ポッケにさすらい 心に旅を 日々を彷徨う一兵卒の雑記帖

使い道

|モノ|


先週、ソロテントを取りに実家へ寄った際、
押入れの天袋に、父が若い頃使って居た
山道具諸々を仕舞って在ったのを想い出し、
もののついでに確かめてみた。母の話によれば
数年前、私のガールスカウト時代の荷物*1と共に、
粗方は始末してしまった、とのことであったが、
それらしき段ボールを見付けたので、よいしょと
引っ張り出す。使い込まれたアルミのコッヘル。
入れ子式で、鍋兼器が大小一つずつと
小さな薬缶も入って居り、父はもっぱら鍋で
ラーメンを煮て居たのらしい。煤は洗うと取れた。
真新しいハバーザックは、ボーイスカウト仕様だ。*2
それと、十分に年季の入った大型の帆布ザック。
今や見掛けることも無くなった、矢鱈に馬鹿でかい
あのキスリングである。私もスカウトの山行では
キスリングを背負わされたものだ。
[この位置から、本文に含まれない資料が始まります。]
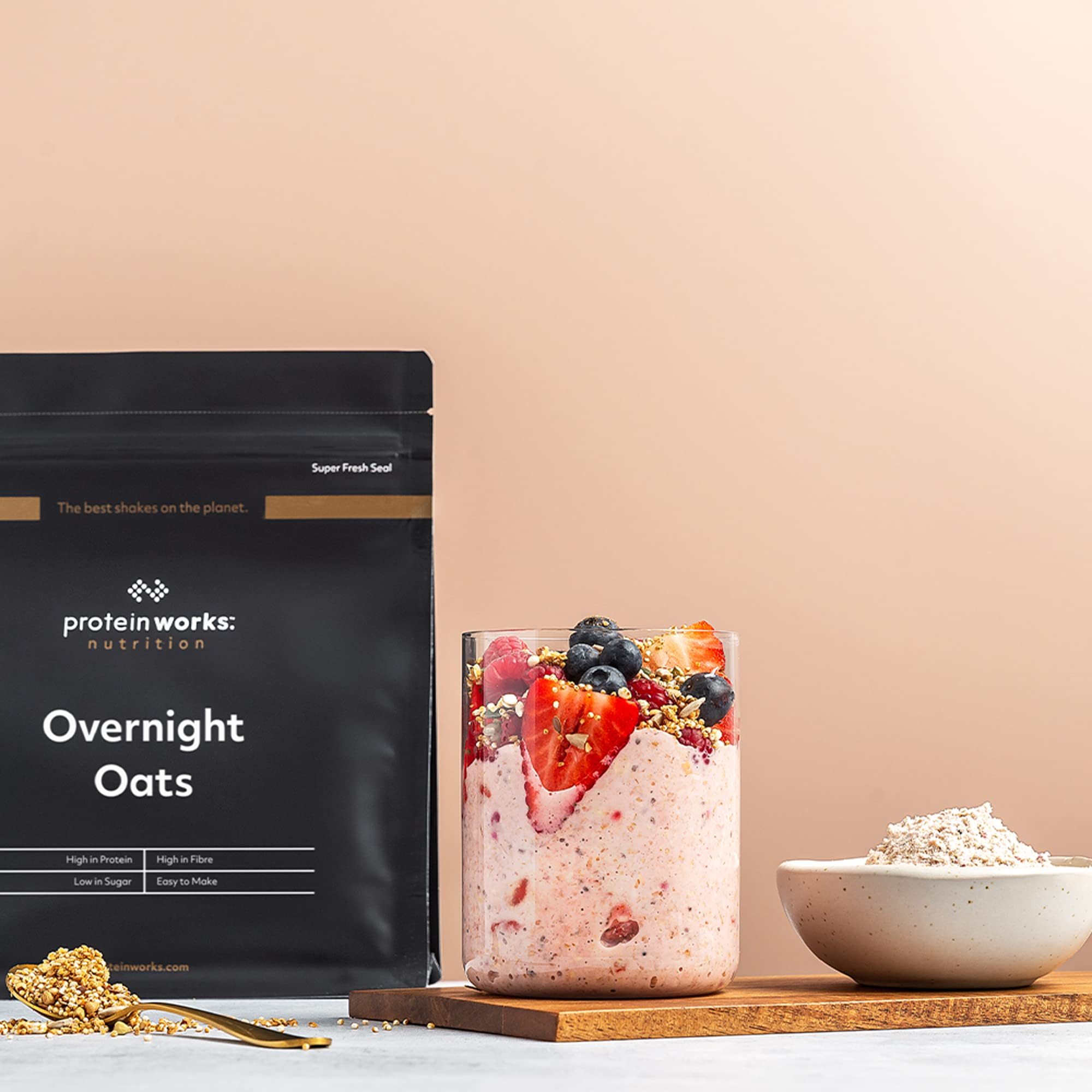 Protein Works Overnight Oats - High Protein Breakfast, Low Sugar, Summer Berries, 1 Kg 12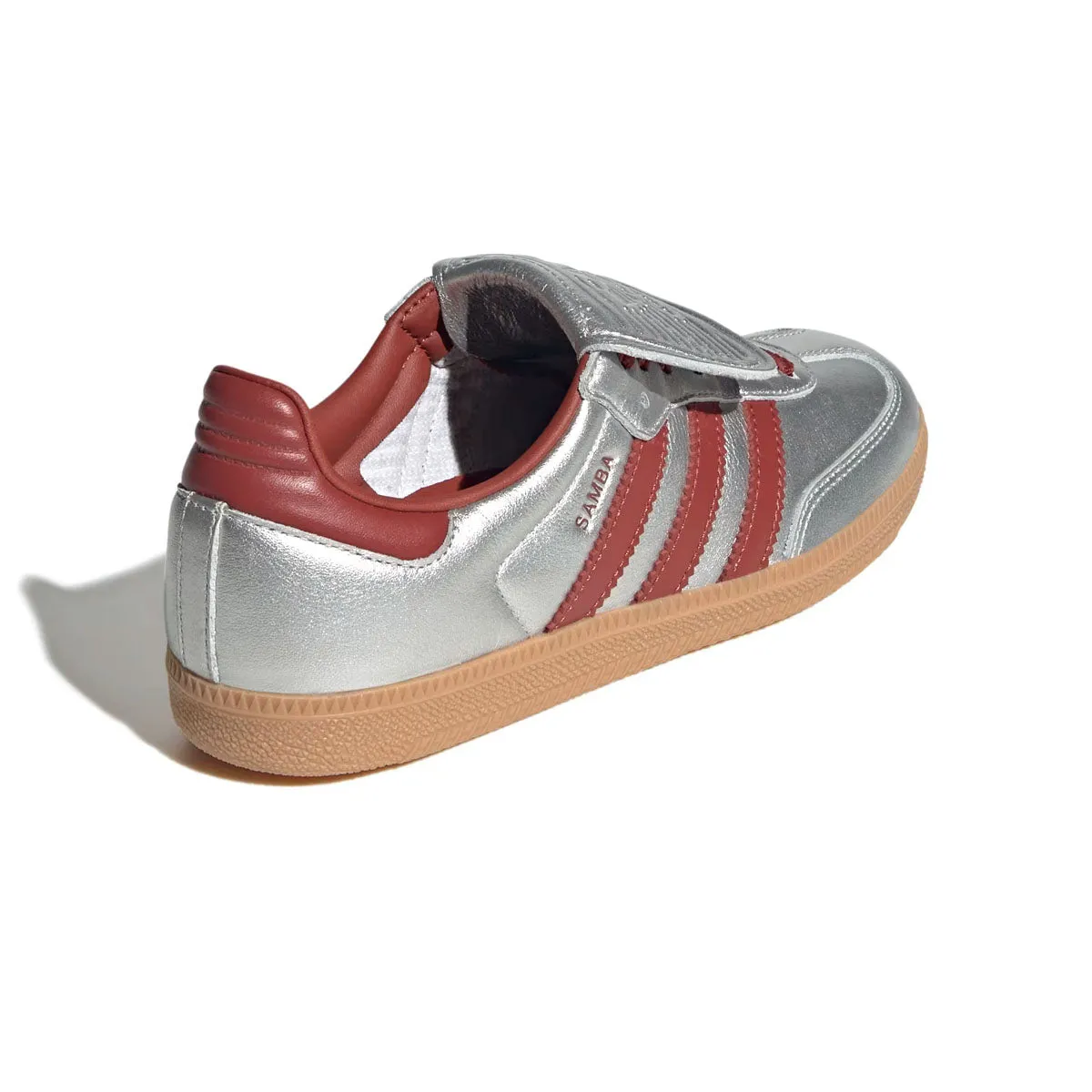 Wmns Samba Long Tongue 'Silver Metallic Preloved Ruby' Comfort Outsole Anti Bacterial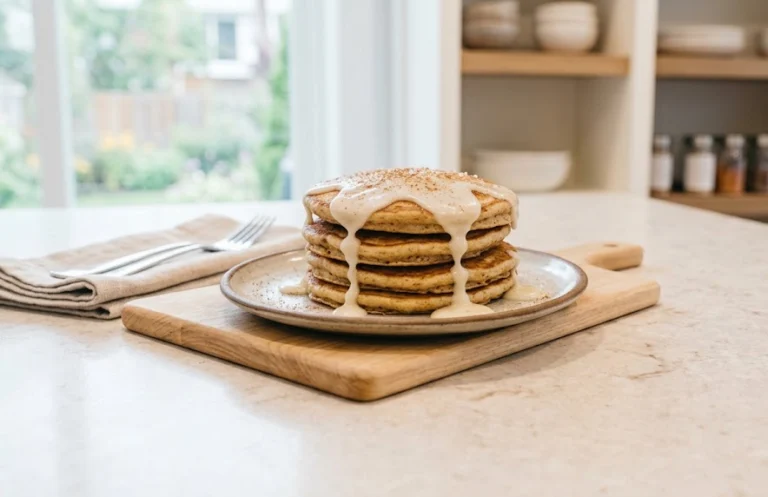 Cinnamon Roll Protein Pancakes: A Sweet High-Protein Breakfast Under $2.50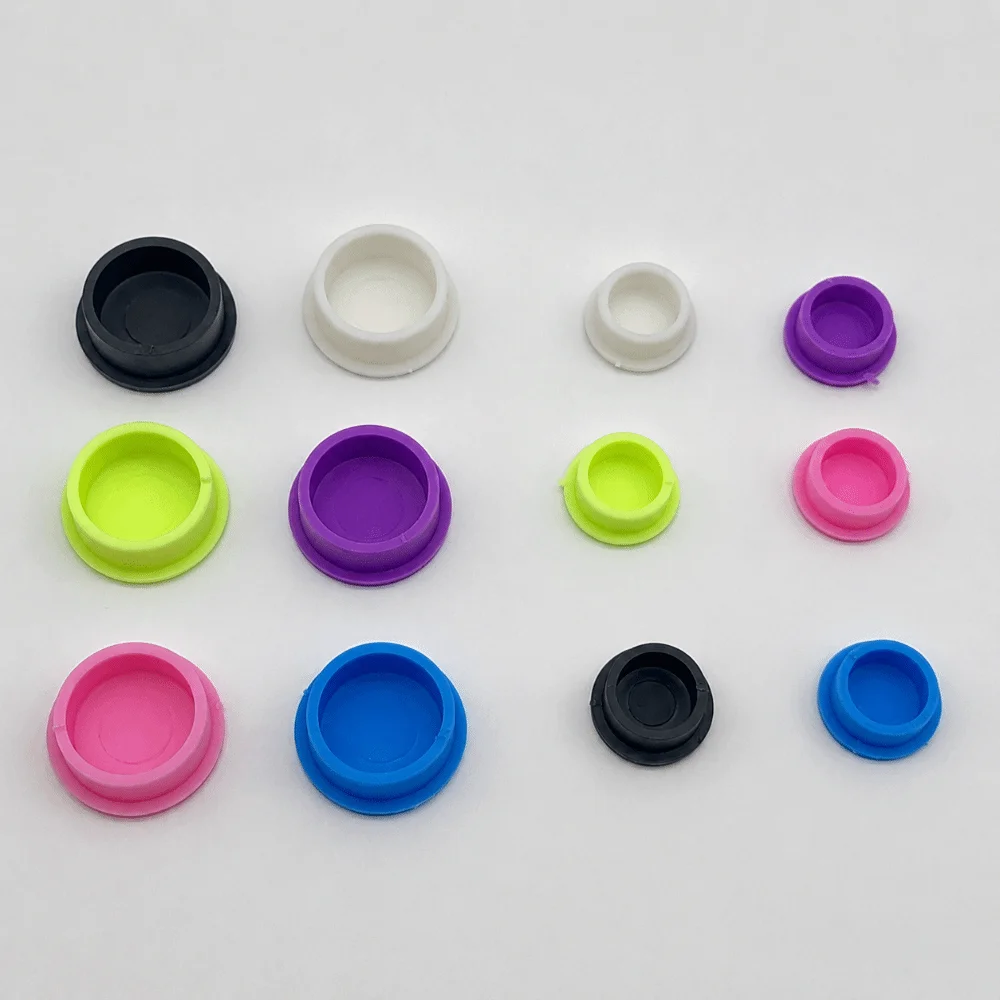 6/12Pcs Leak Proof Glass Vial Caps Silicone Reusable Peptide Vial Caps Evaporation Proof Protective Vial Caps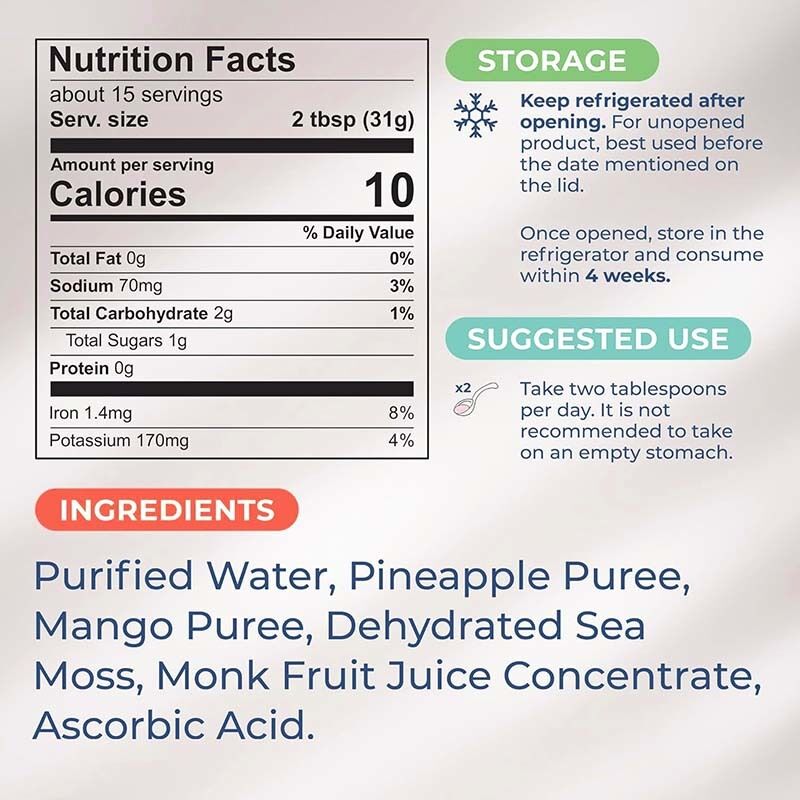 OEM Besleyici Çiğ Seamoslar Detoxify ve Temizle Minerallerde Zengin Proteinler Vitaminler Sağlık Deniz Moss Deniz Moss Gel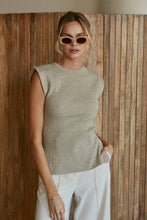 Load image into Gallery viewer, Crescent Genesis Knit Top- Oatmeal
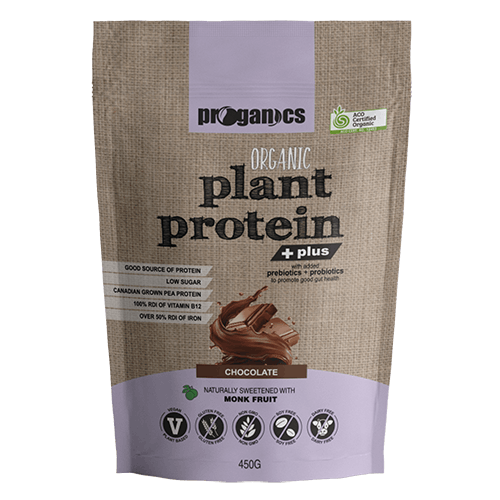 PROGANICS Plant Protein Org + plus Chocolate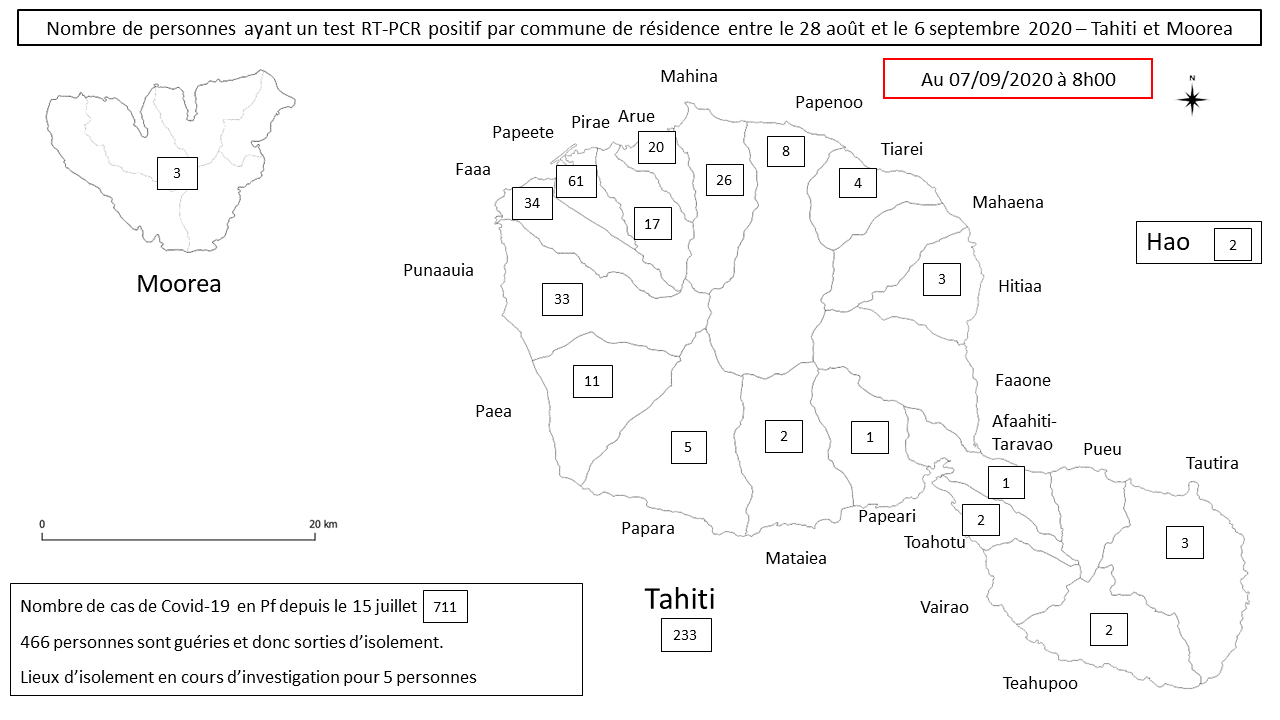 Le virus se diffuse dans les îles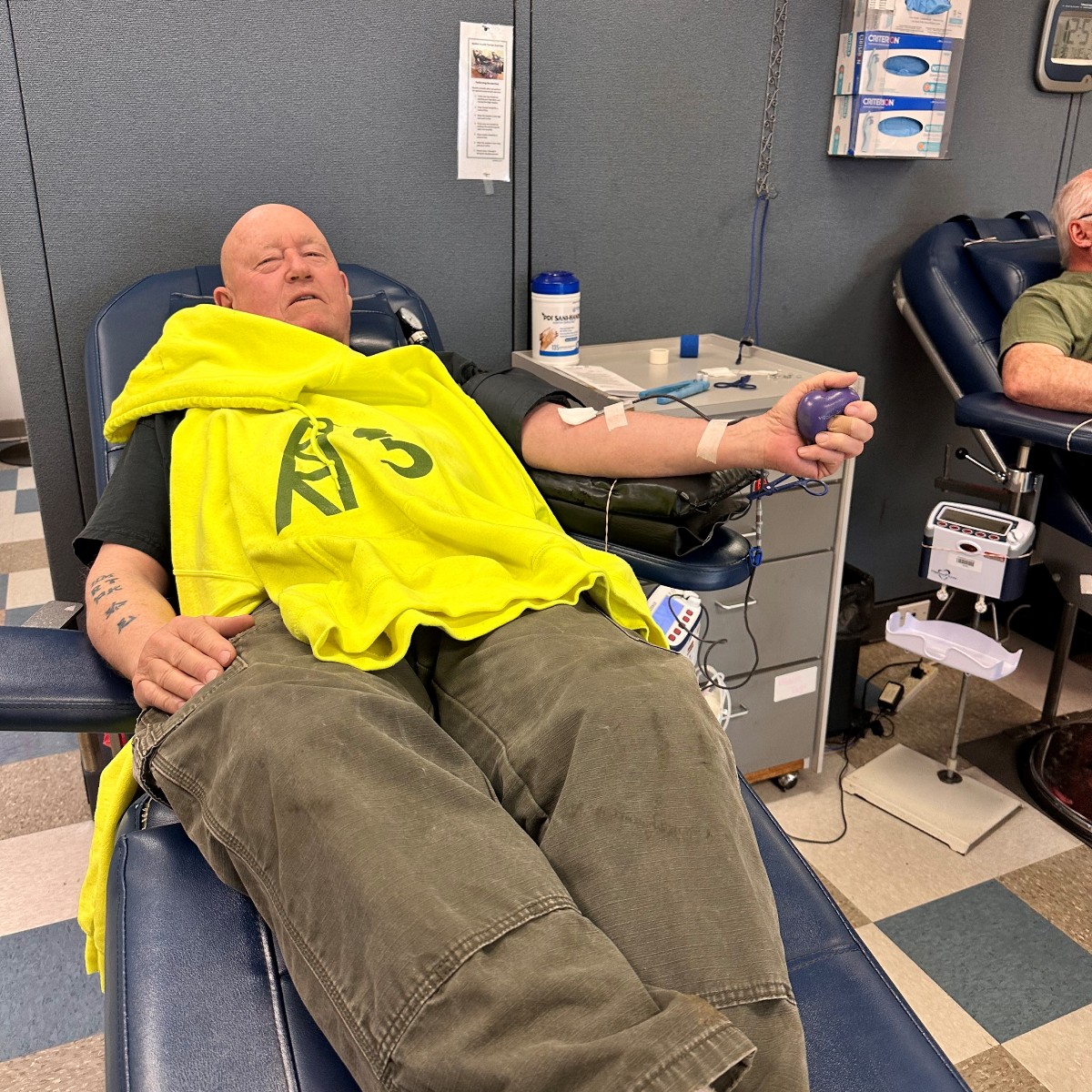 We are so grateful for donors who volunteers their time to give blood and save lives Thank you Preston, who recently donated. Donors of all blood types are needed every day to replenish what is used to help patients. See how you can help save a life brnw.ch/21wIBXs.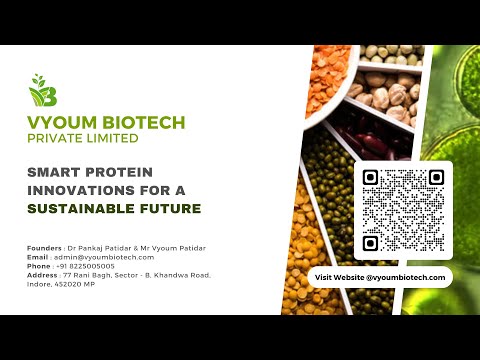 Smart Proteins by Vyoum Biotech Private Limited | Sustainable, Functional Nutrition - video from Vyoum Biotech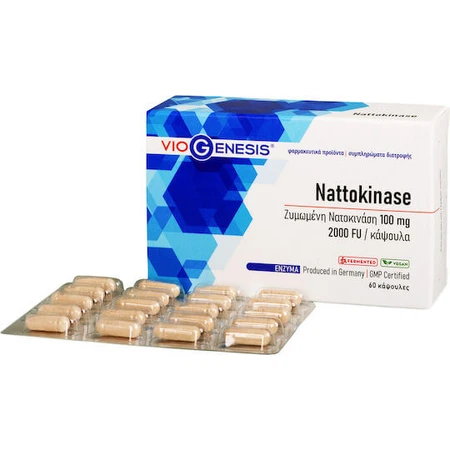 Viogenesis Nattokinase 100mg 30 capsule veget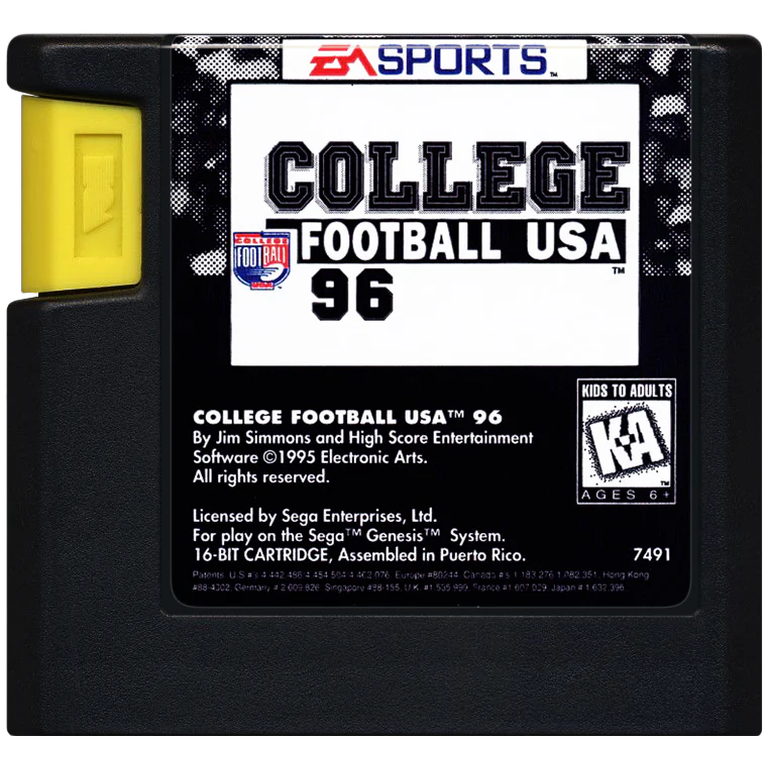 College Football USA 96 - Sega Genesis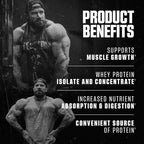 Axe & Sledge WHEY More Premium Protein Blend | 24g Protein, Whey Concentrate & Isolate | Prebiotic Fiber for Enhanced Absorption | Creamy, Delicious, Versatile | 30 Servings, Honey Grizzly Graham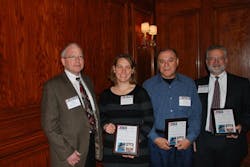 Michael Bohn (Gilbane), Stephanie Mueller (Gilbane), Gene Farb (Elmhurst Memorial Healthcare), Robert Sharrow (Albert Kahn Assoc Michael Bohn (Gilbane), Stephanie Mueller (Gilbane), Gene Farb (Elmhurst Memorial Healthcare), Robert Sharrow (Albert Kahn Assoc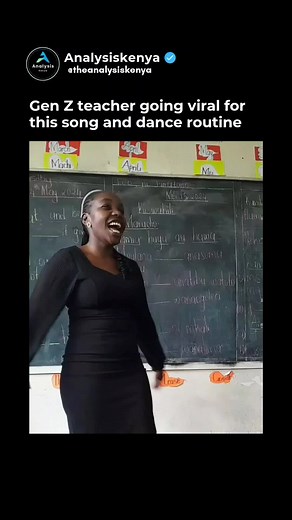 Viral Kenyan Teacher Engages Classroom with Unique Song and Dance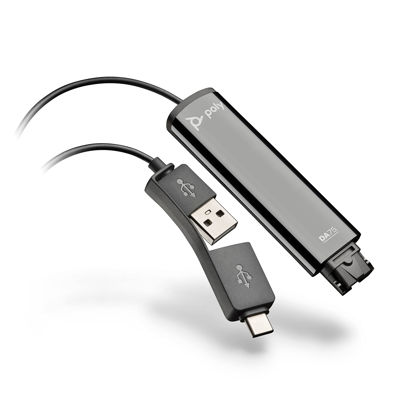 Picture of Poly - DA75 USB-A/USB-C digital adapter (Plantronics) - Works with Poly Call Center Quick Disconnect (QD) Headsets - Acoustic Hearing Protection -Works with Avaya, Genesys,&Cisco call center platforms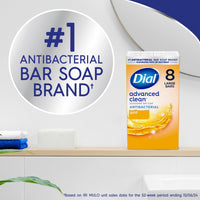 Thumbnail for Dial Antibacterial Deodorant Bar Soap, Advanced Clean Gold, 4 Oz, 32 Bars, Round the Clock Odor Protection, Dermatologist Tested, With Clean Rinse Technology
今のザックに
比べたら相当背負い辛かったし、パッキングにも
四苦八苦した記憶が在るから、今更に是を使おう
などと云う酔狂な気は起こらぬが、詰め込めば幾ら
でも入りそうな収納力は、拙宅の押入れ内で役立つ
であろうと、先の二つと共に持ち帰ることとした。
持ち帰って二日程天日に干したのを、今日になって
ようやく持ち出し、季節外の衣料や夜具など包んだ
風呂敷包みを、底からぎゅっぎゅと詰めてゆけば、
六つがここへすっかり収まり、未だ尚余裕が在る。
しかし斯様に、本来の役目から離れてしまっては、
何やら気の毒となってきて、ならば山道具を仕舞う
のに役立って貰うのが、最も相応しいのじゃないか?
と考えた。けれども、折角詰め込んだ風呂敷包みを
再び元に戻す、と云うのも口惜しく又面倒なので、
もう暫くの間は、そのままにしておくこととする。

*1:ロープワークの本やら入れ子の食器やら飯盒やら色々。

*2:是は恐らく、父がボーイスカウトのボランティアを務めて居たときの物と推測。